The Friend preferred to be seen as masculine or gender neutral. And The Friend had no problem making waves. They began the Society of Friends and preached up and down the east coast the importance of abolishing slavery, free will, sexual abstinence, and friendships with the Indigenous communities of the area. They dealt with criticism from those who disliked that they were female, and gender neutral, and preaching. People called their everything from melodious, clear, but also grating and odd. The Friend did not care. They preached and pastored and loved all until they died 1819, at the age of 66. 

The funny thing about being called by God, by the Sacred that sits within us all, is that it is a call you can’t ignore. Some of you know that call. It may have been that voice that told you to go try that career path. Or the butterflies when you spoke with the person who would eventually become your spouse. It is the time you try out a new name, sampling it like fine wine. It is the feeling that you can’t ignore that tells you aren’t alone, or that you can help someone not feel alone. The call is something that exists outside of what anyone can tell you. No Abbott could tell anyone that they were not called by God. Abbotts could tell monks they couldn’t stay there, or that behaviour needed to be changed, but no one but God could change that feeling in their bones. The Public Universal Friend was so called by God that no one, not one critic or bully, could stop them. 

There will always be people who will try to police others and their behaviour. There will always be people who believe that it is their job to tell people that they are not called by God, and that God doesn’t think they are worthy. To critique and bully and punch down because they are afraid, or angry, or otherwise determined to be the boss of someone. 

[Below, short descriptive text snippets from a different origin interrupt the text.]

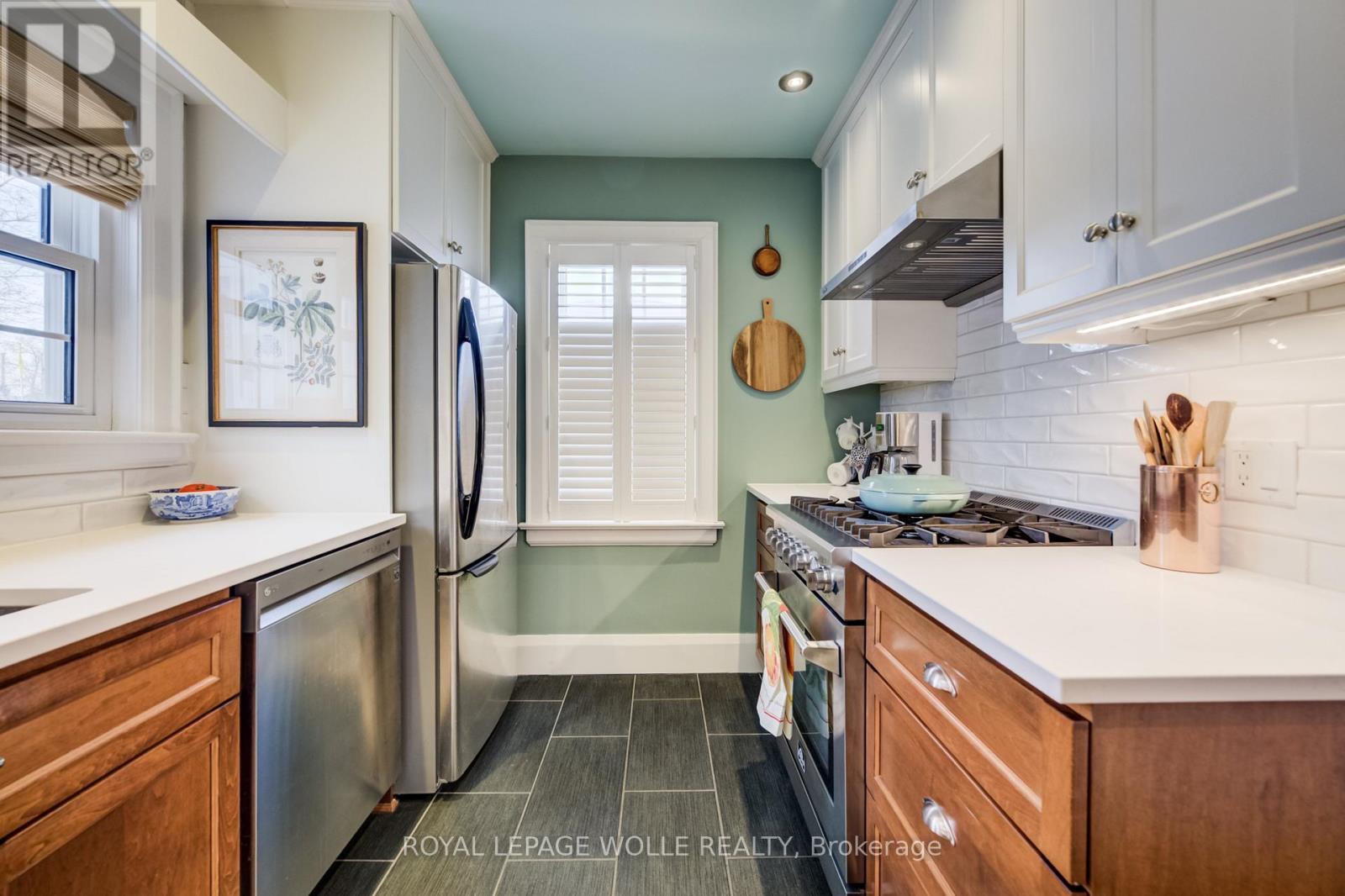 












8 LOWREY AVENUE S

,
Cambridge,




Ontario
N1R4Z1

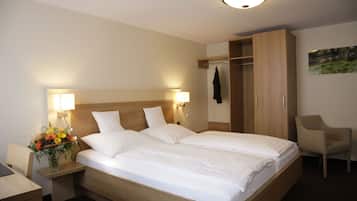 Classic Double Room | 1 bedroom, hypo-allergenic bedding, in-room safe, desk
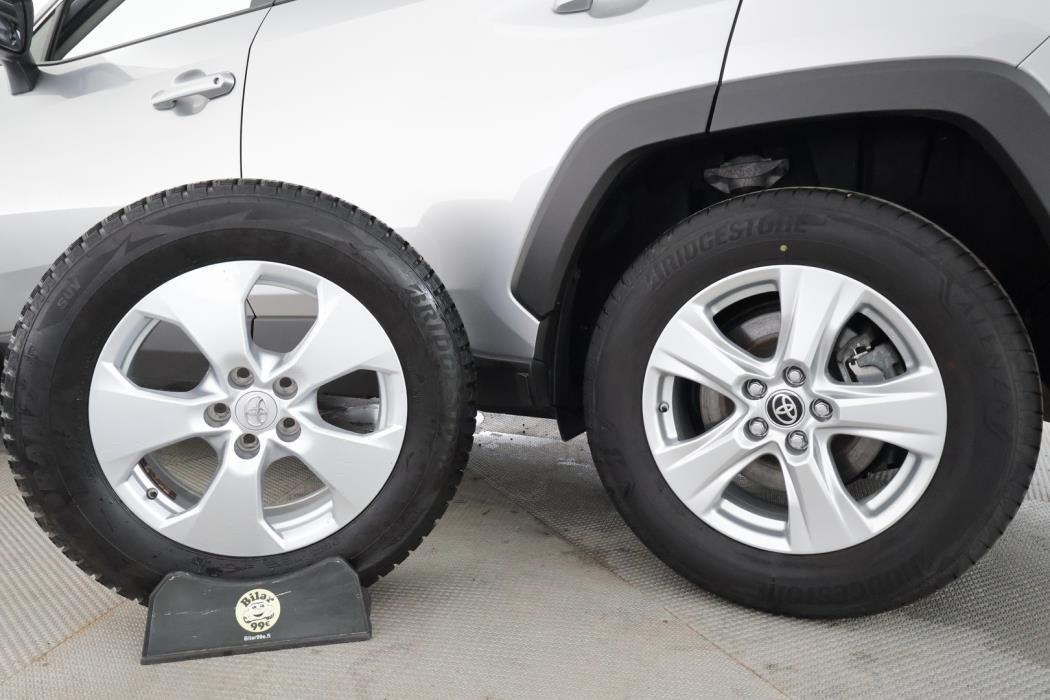 TOYOTA RAV4 2020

God simply doesn’t operate that way. God never has. God called Samuel, over and over, because God was ready for Samuel. It was never about whether Samuel was ready for God. And God called monks and nuns across the centuries, not worrying about who they love or what is on the outside or inside. God simply called them and said “you are my children, blessed and sacred. That is enough.” God called The Friend with such fervor that not even Typhus, or because of Typhus, a corner of the world was made better. While the church helped me discern and prepare to be in the pulpit, this initial call, this reason I am here, is because of God’s call. No one can take that away.

During Pride Month we can often feel like we as queer people need to prove something. That we are smart enough or strong enough or talented enough. That we can fit the mould of having a nuclear family and be quiet about our identity, but also willing to prove we are “queer enough.” That we have given enough of ourselves to the world that historians will have no doubts about who we are and why we are here. God did not call us to live up to the measure of someone else’s criteria of queer. We are enough, in every way measurable, for God.

No one here needs to measure their own worth with someone else’s scale. Or their human dignity with the criteria of another person’s rubric. Our call, the call to love, including loving ourselves, comes without limitations or requirements. God has called. God is calling. God will call again. Speak, O God, for your people are listening.